What to work on: Copy out the entire listing below exactly, but without its pictures.
━━━ Exercise input
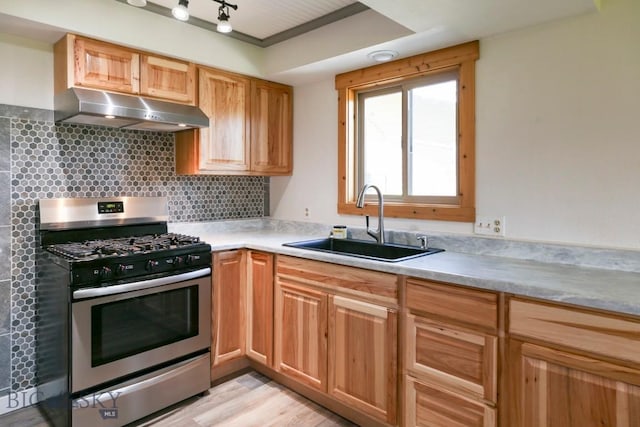 1816 S Rouse, Bozeman, MT 59715 - kitchen with stainless steel gas range, under cabinet range hood, a sink, tasteful backsplash, and light countertops
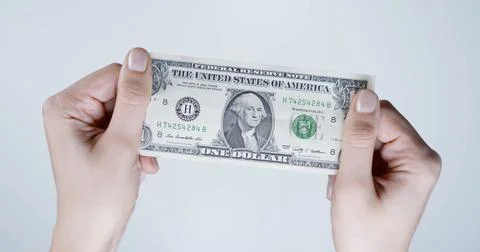 One dollar banknote held between two hands Stock Photos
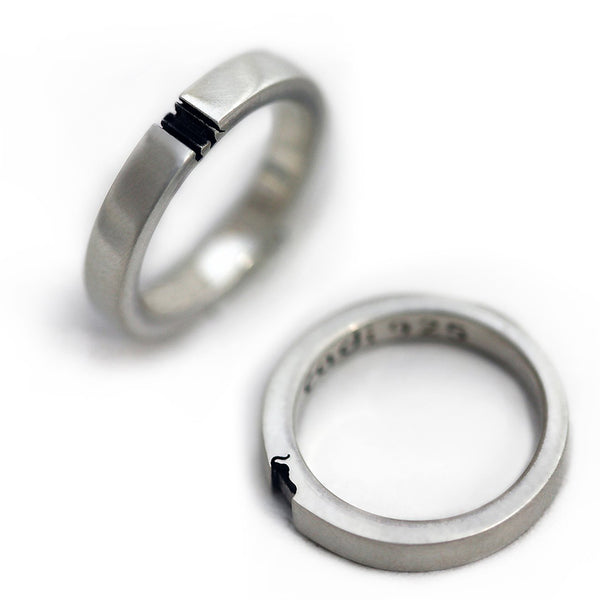 Two silver rings with black accents on a white background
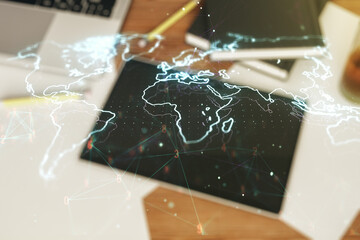 Poster - Multi exposure of abstract creative digital world map and modern digital tablet on background, top view, tourism and traveling concept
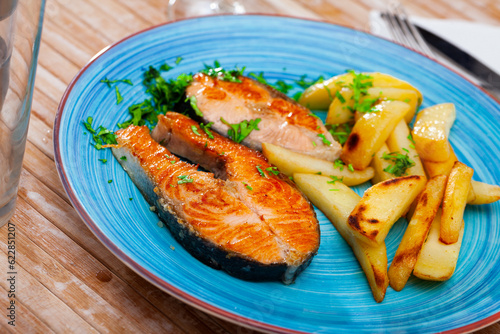 Roasted salmon steaks garnished with fried potatoes served with fresh greens..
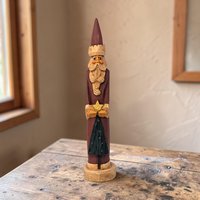 Tall slender hand-carved wooden Santa Claus figurine in a traditional red robe with white trim. The figure holds a small green tree. Natural wood grain visible through the matte paint.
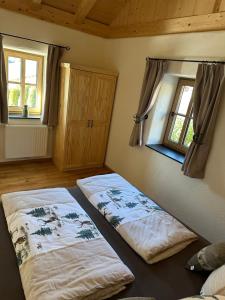 two beds in a room with a window at Ferienhaus Steinschlössl in Mühldorf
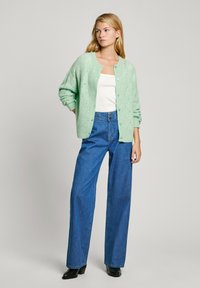 Miņu zaļš adīts kardigāns ar brīvu piegriezumu, pogu aizdari un ribotām piedurknēm, apvienots ar augstās jostas vietas zilo denim plašo biksēm un melniem papēžiem.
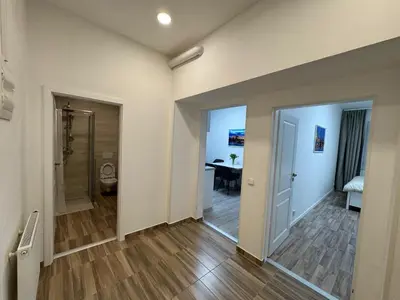 a hallway with a door leading to a room with a table at Modern, comfortable apartments near the metro in Prague
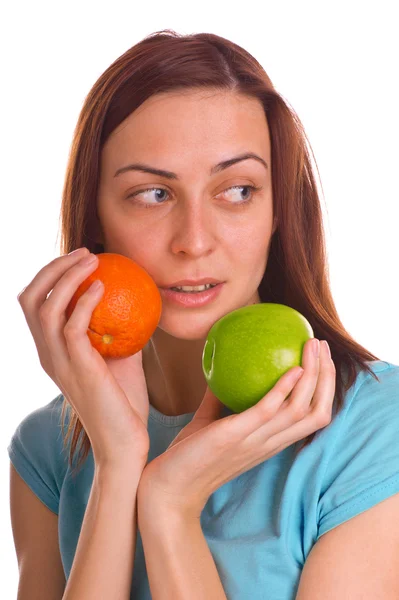 Young woman holding apple and orange over white — Stock Photo, Image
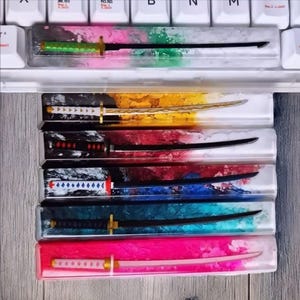 以下が含まれることがあります： 透明なケースに入った、ミニチュアの刀型レターオープナーのコレクション。各オープナーは、緑、金、赤、青、ピンクなど、異なる配色で、ハンドルとブレードのデザインが一致しています。白いキーボードの上に表示されています。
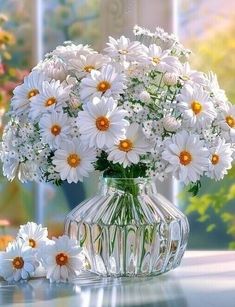 a vase filled with white daisies sitting on top of a table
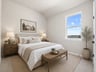 secondary bedroom with window, carpet and sloped ceilings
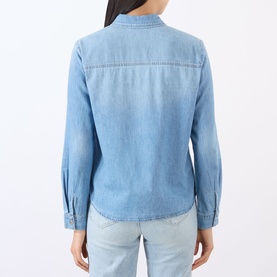 Model wearing LAgence blue denim shirt, back view, with long sleeves, curved hem, and button cuffs, styled with light blue jeans.
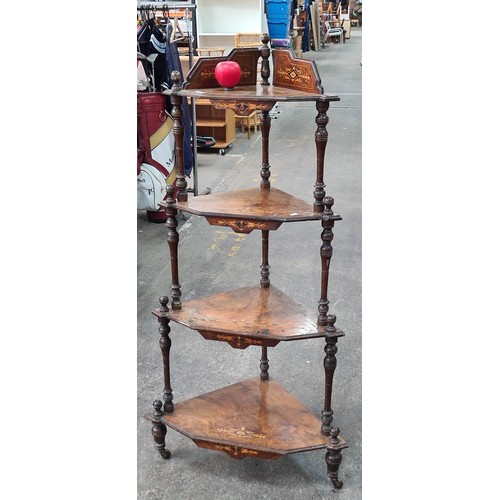 1211 - An antique, Victorian corner four tier what not featuring beautiful wood inlay detailing throughout,... 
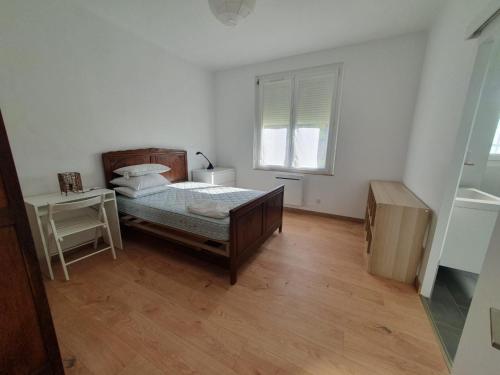 a white bedroom with a bed and a window at Ferme de la felicità in Montbarla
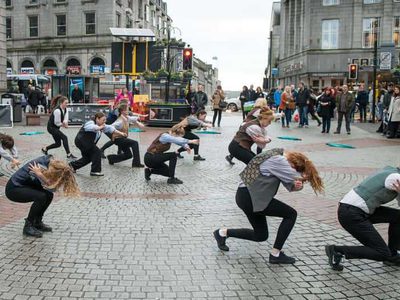 A group of dancers dance in formation in the middle of a busy shopping street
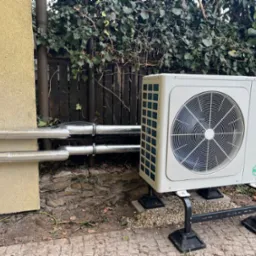 Biała pompa ciepła York zamontowana na zewnątrz budynku z izolowanymi rurami, na tle ogrodzenia porośniętego bluszczem i kostki brukowej.
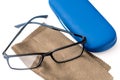 Reading black eyeglasses, brown microfiber cleaning cloth and blue protective case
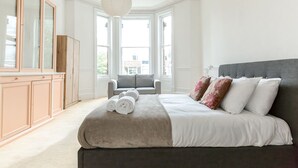 Een slaapkamer met een groot bed, een grijs gestoffeerde fauteuil, een houten garderobe en een groot raam met natuurlijk licht.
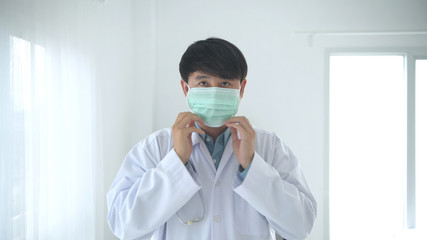 Fototapeta na wymiar Medical concepts. The doctor is wearing a mask in the hospital. 4k Resolution.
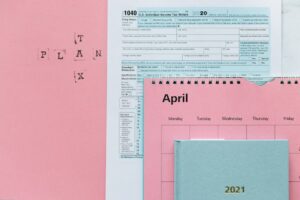 Tax-related items on a pink background, including forms and a calendar.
━━━━━━
Response to the exercise:
 1816 S Rouse, Bozeman, MT 59715 - kitchen with stainless steel gas range, under cabinet range hood, a sink, tasteful backsplash, and light countertops
 One dollar banknote held between two hands Stock Photos
 Two silver rings with black accents on a white background
 Poster - Multi exposure of abstract creative digital world map and modern digital tablet on background, top view, tourism and traveling concept
 Roasted salmon steaks garnished with fried potatoes served with fresh greens..
 Tall slender hand-carved wooden Santa Claus figurine in a traditional red robe with white trim. The figure holds a small green tree. Natural wood grain visible through the matte paint.
 two beds in a room with a window at Ferienhaus Steinschlössl in Mühldorf
 Miņu zaļš adīts kardigāns ar brīvu piegriezumu, pogu aizdari un ribotām piedurknēm, apvienots ar augstās jostas vietas zilo denim plašo biksēm un melniem papēžiem.
 a hallway with a door leading to a room with a table at Modern, comfortable apartments near the metro in Prague
 Young woman holding apple and orange over white — Stock Photo, Image
 以下が含まれることがあります： 透明なケースに入った、ミニチュアの刀型レターオープナーのコレクション。各オープナーは、緑、金、赤、青、ピンクなど、異なる配色で、ハンドルとブレードのデザインが一致しています。白いキーボードの上に表示されています。
 a vase filled with white daisies sitting on top of a table
 secondary bedroom with window, carpet and sloped ceilings
 Model wearing LAgence blue denim shirt, back view, with long sleeves, curved hem, and button cuffs, styled with light blue jeans.
 1211 - An antique, Victorian corner four tier what not featuring beautiful wood inlay detailing throughout,... 
 a white bedroom with a bed and a window at Ferme de la felicità in Montbarla
 A group of dancers dance in formation in the middle of a busy shopping street
 Biała pompa ciepła York zamontowana na zewnątrz budynku z izolowanymi rurami, na tle ogrodzenia porośniętego bluszczem i kostki brukowej.
 Reading black eyeglasses, brown microfiber cleaning cloth and blue protective case
 Een slaapkamer met een groot bed, een grijs gestoffeerde fauteuil, een houten garderobe en een groot raam met natuurlijk licht.
 Fototapeta na wymiar Medical concepts. The doctor is wearing a mask in the hospital. 4k Resolution.
 Tax-related items on a pink background, including forms and a calendar.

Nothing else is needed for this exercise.